= How to complete this task =
Could the data below be printed out exactly, with the pictures left out?

[Provided material — start]

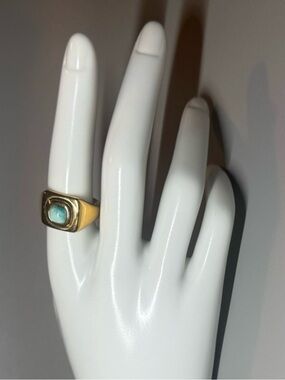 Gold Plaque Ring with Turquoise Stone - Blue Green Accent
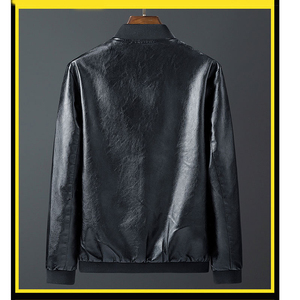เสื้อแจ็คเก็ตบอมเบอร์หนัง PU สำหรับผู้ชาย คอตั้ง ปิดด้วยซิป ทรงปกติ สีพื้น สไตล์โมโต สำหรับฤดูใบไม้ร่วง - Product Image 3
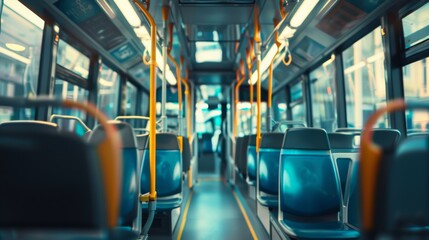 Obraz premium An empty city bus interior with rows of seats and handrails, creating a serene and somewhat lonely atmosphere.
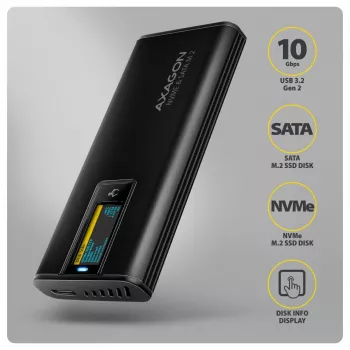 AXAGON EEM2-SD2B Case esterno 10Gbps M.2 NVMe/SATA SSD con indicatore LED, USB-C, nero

[Provided material — finish]

= Output below =
 Gold Plaque Ring with Turquoise Stone - Blue Green Accent
เสื้อแจ็คเก็ตบอมเบอร์หนัง PU สำหรับผู้ชาย คอตั้ง ปิดด้วยซิป ทรงปกติ สีพื้น สไตล์โมโต สำหรับฤดูใบไม้ร่วง - Product Image 3
 Obraz premium An empty city bus interior with rows of seats and handrails, creating a serene and somewhat lonely atmosphere.
 AXAGON EEM2-SD2B Case esterno 10Gbps M.2 NVMe/SATA SSD con indicatore LED, USB-C, nero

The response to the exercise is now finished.